I have a 3 node ClickHouse cluster
<secret>clickhousecluster</secret>
<shard>
<replica>
<host>CHN1</host>
<port>9000</port>
</replica>
</shard>
<shard>
<replica>
<host>CHN2</host>
<port>9000</port>
</replica>
</shard>
<shard>
<replica>
<host>CHN3</host>
<port>9000</port>
</replica>
</shard>
I created a distributed table:
columns:
`timestamp` DateTime CODEC(Delta(4), ZSTD(1)),
`host` LowCardinality(String),`message` String ,
`severity` LowCardinality(String),`message` String
create table db1.hosts_distr on
cluster cluster1 as db1.hosts engine = Distributed(cluster1, db1, hosts, if(severity = 'INFO', 1, 3));
This if(severity = 'INFO', 1, 3)) doesn't work either. It just puts all records on 1 node. What I need is to send all records with severity INFO to 2 nodes and all the rest to 1 node.
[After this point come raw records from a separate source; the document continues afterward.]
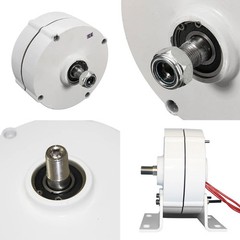 1000W Output 3Phase AC Permanent Magnet Generator With DC Electric Motor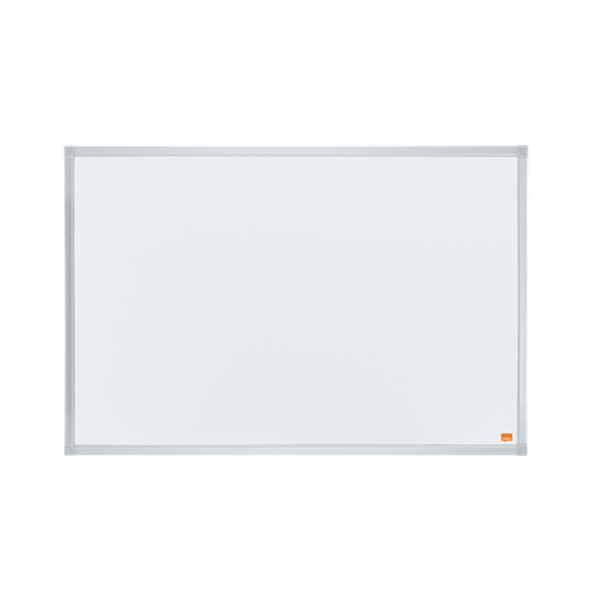 Дъска NOBO Essentials, Лакирана стомана, 90x60 см, Магнитна, Включва табла, Бял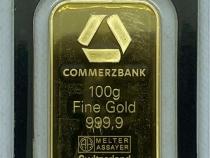 Goldbarren 100 Gramm Commerzbank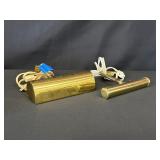 Brass Picture Lights with Wiring
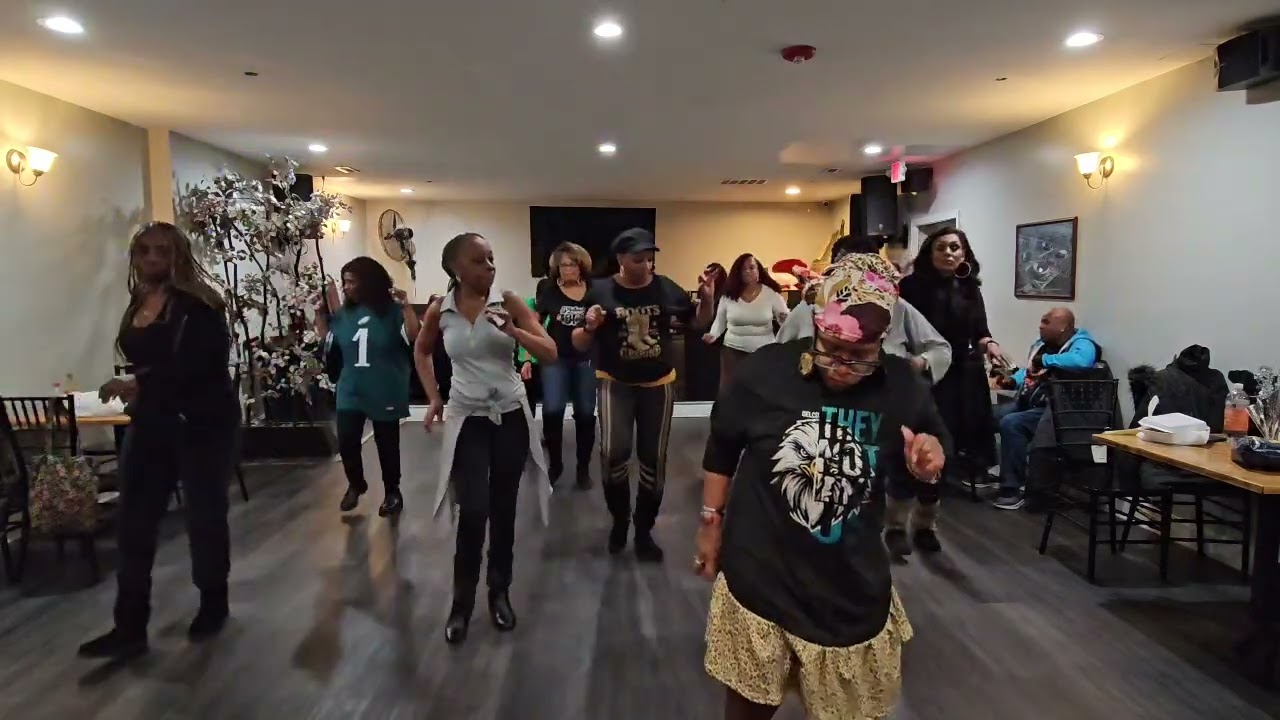 Sunday Linedance Wit Yolonda At ILLUSIONS 2-8-26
Is it possible?
Thanks in advance.
when you insert data into distirbuted table
than data will slit in temporary .bin files with Native format, by sharding_expression % number_of_shards in cluster
so proper sharding expression should be in your case
Distributed(cluster1, db1, hosts, if(severity = 'INFO', 1, rand() % 2));
and you will need to change % 2
to % N
when you add more shards
if your db1.hosts
have engine=ReplicatedMergeTree
then you also need add <internal_replication>true</internal_replication>
into each <shard>